Shooting with a 5d mk ii into capture one - but getting really annoyed that i cant see the picture on the lcd screen as im shooting, and have a backup on cf cards.

Any other options in regards to tethering software. i know eos utility allows this, but not a big fan of the software


----------



## Destin (Dec 26, 2011)

Adobe Lightroom 3 has a very good tether utility but I'm not sure of the specific details of how it would work with your camera. There is also a free one that's amazing, but it's only for Mac so of you have a pc you're sol with it. Can't remember the name of that one off hand though


----------



## Josh66 (Dec 26, 2011)

Phtoo said:


> Any other options in regards to tethering software. i know eos utility allows this, but not a big fan of the software


The way I used to do it was with EOS Utility.  I believe you had the option of whether you wanted to write to the card or not...  Anyway, I would have EOS utility save them to a folder on the computer, I would then have Lightroom set to watch that folder and auto-import.  It worked great.
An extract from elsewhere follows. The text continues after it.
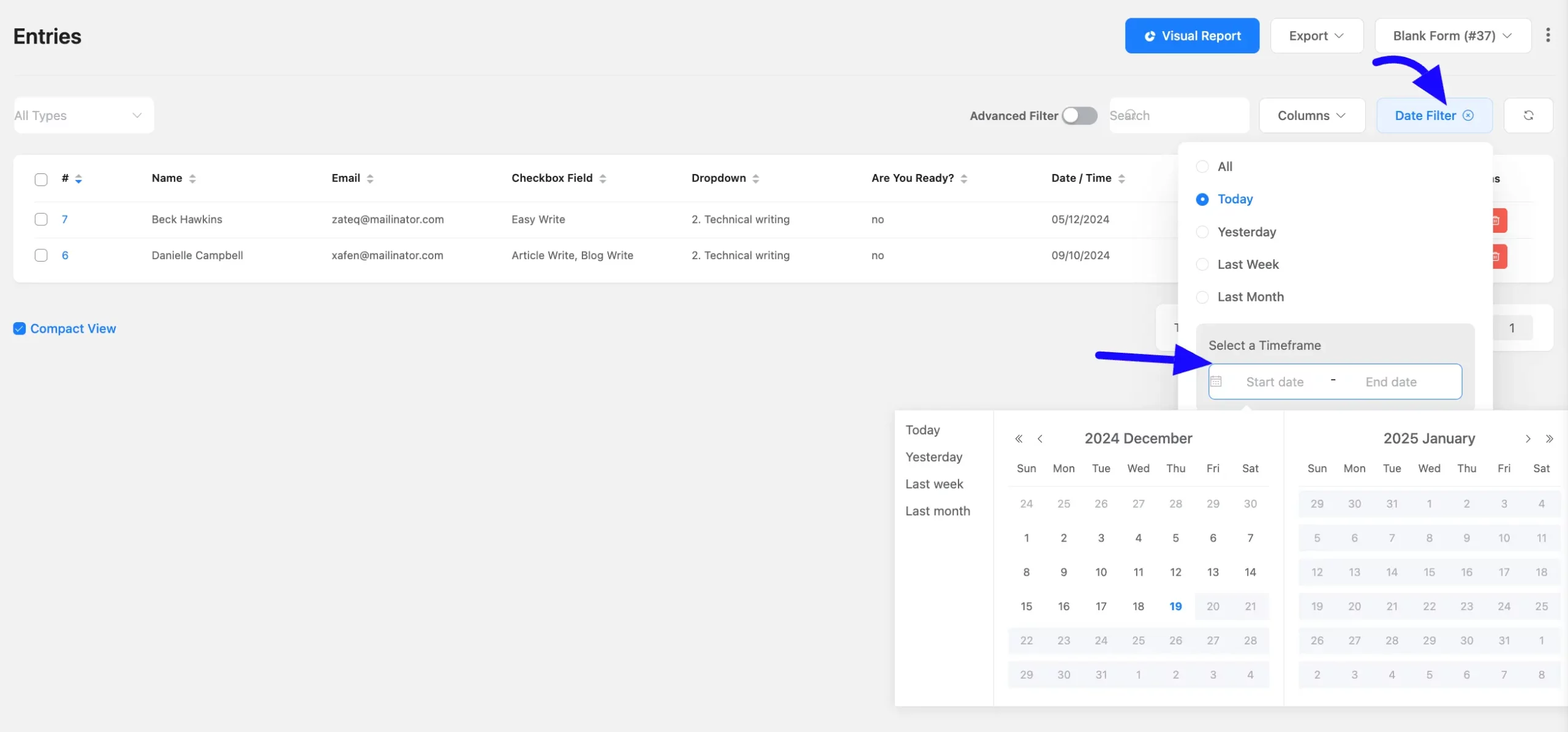 Search and Filter Form Entries step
That was with LR2.  As far as I can remember, that was the only way to tether with LR2...


----------



## RDTague_Studios (Dec 26, 2011)

Digital Photo Professional, which is supplied with 5D MK II's: 


Tools>preferences>Remote shooting. Check the box "Save also on the cameras memory card."


RT
RDTague Studios - Central Illinois Premier studio and on location photographer

www.illinoisphotographer.net &bull; Index page


----------



## Rephargotohp (Dec 26, 2011)

Lightroom 3 can do Teathering without the EOS utility


----------



## Josh66 (Dec 26, 2011)

Rephargotohp said:


> Lightroom 3 can do Teathering without the EOS utility


Good news.  I always hated using two programs to do one thing...


----------



## Draco (Dec 26, 2011)

LightRoom 3 all the way.


----------